EXERCISE DATA
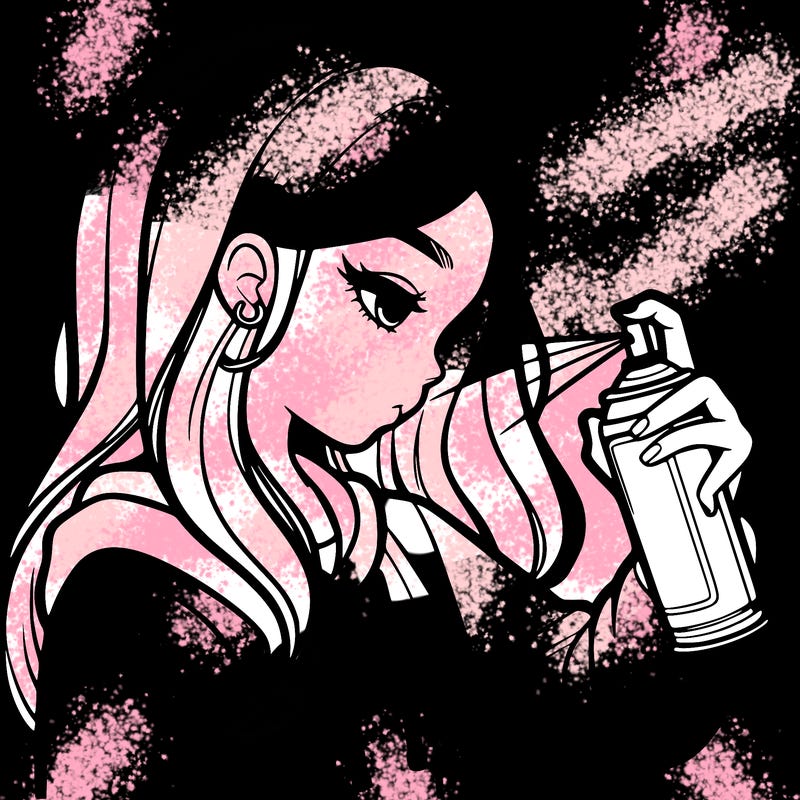 a realistic girl spray painting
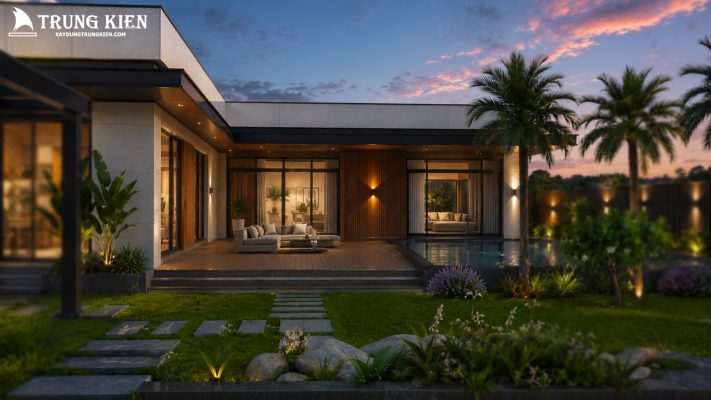 nhà vườn hiện đại 1 tầng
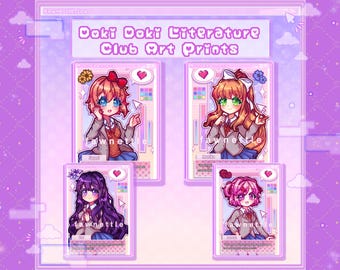 Doki Doki Literature Club Art Prints [DDLC Monika, Sayori, Yuri, Natsuki Anime Art Prints]
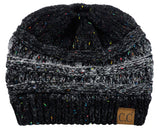 C.C BeanieTail Soft Stretch Cable Knit Messy High Bun Ponytail Beanie Hat, Confetti Ombre Black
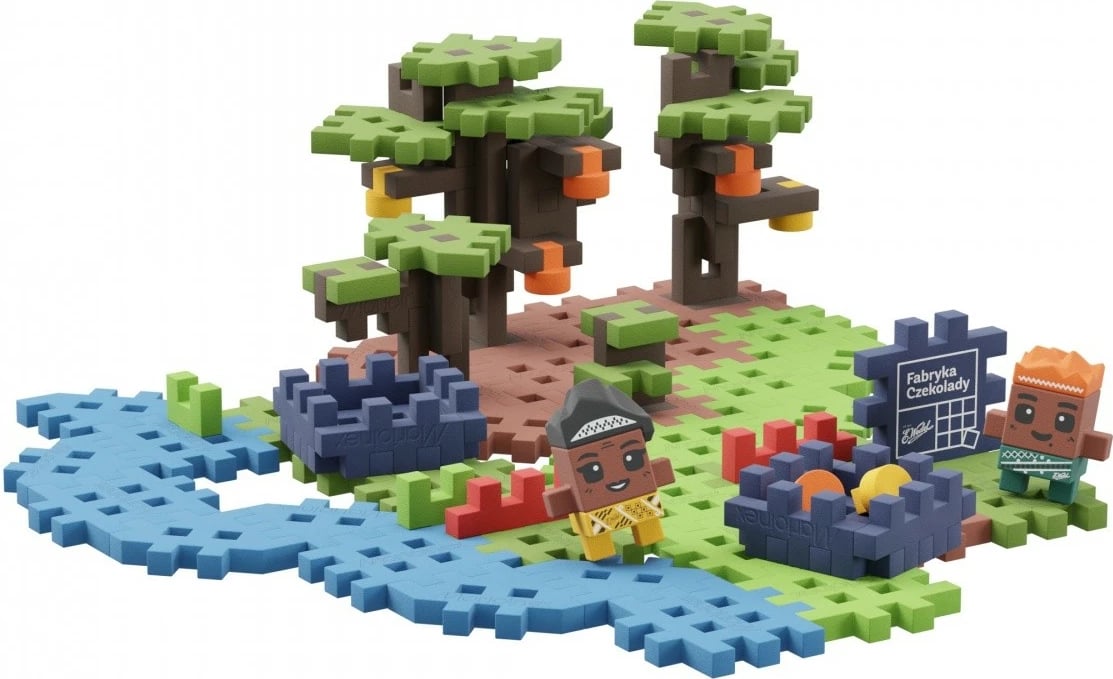 Set lodrash ndërtimi Marioinex Mini Waffle Plantacion Kakaoje, 100 elemente, shumëngjyrëshe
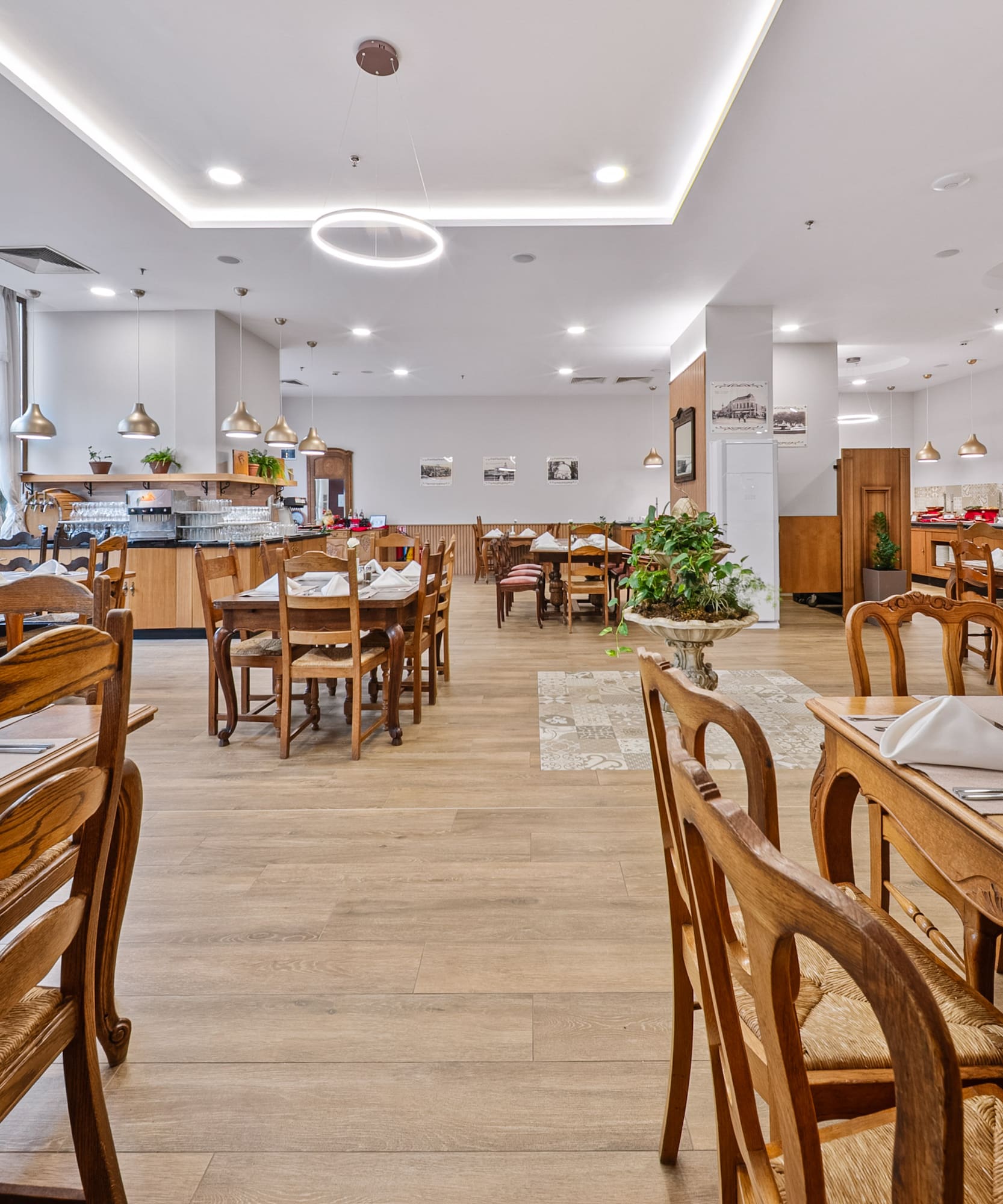 a room with tables and chairs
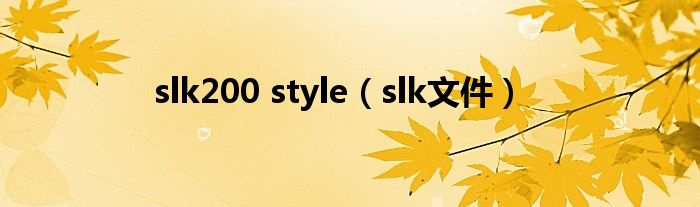 slk200 style（slk文件）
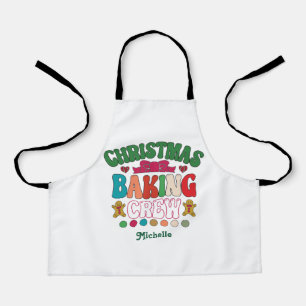 Retro Christmas Baking Crew Kids Apron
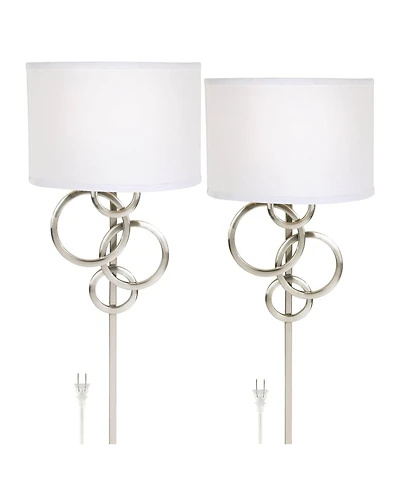 Possini Euro Design Circles Modern Wall Light Sconces Set of 2 Smart Sockets Brushed Nickel Plug-In 12" Fixture Off-White Shades Bedroom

WORK INSTRUCTION
Word for word, repeat only the lines from the line containing "slk200 style（slk文件）" through the end of the data, without any pictures.

YOUR SOLUTION
 slk200 style（slk文件）
 Retro Christmas Baking Crew Kids Apron
 Possini Euro Design Circles Modern Wall Light Sconces Set of 2 Smart Sockets Brushed Nickel Plug-In 12" Fixture Off-White Shades Bedroom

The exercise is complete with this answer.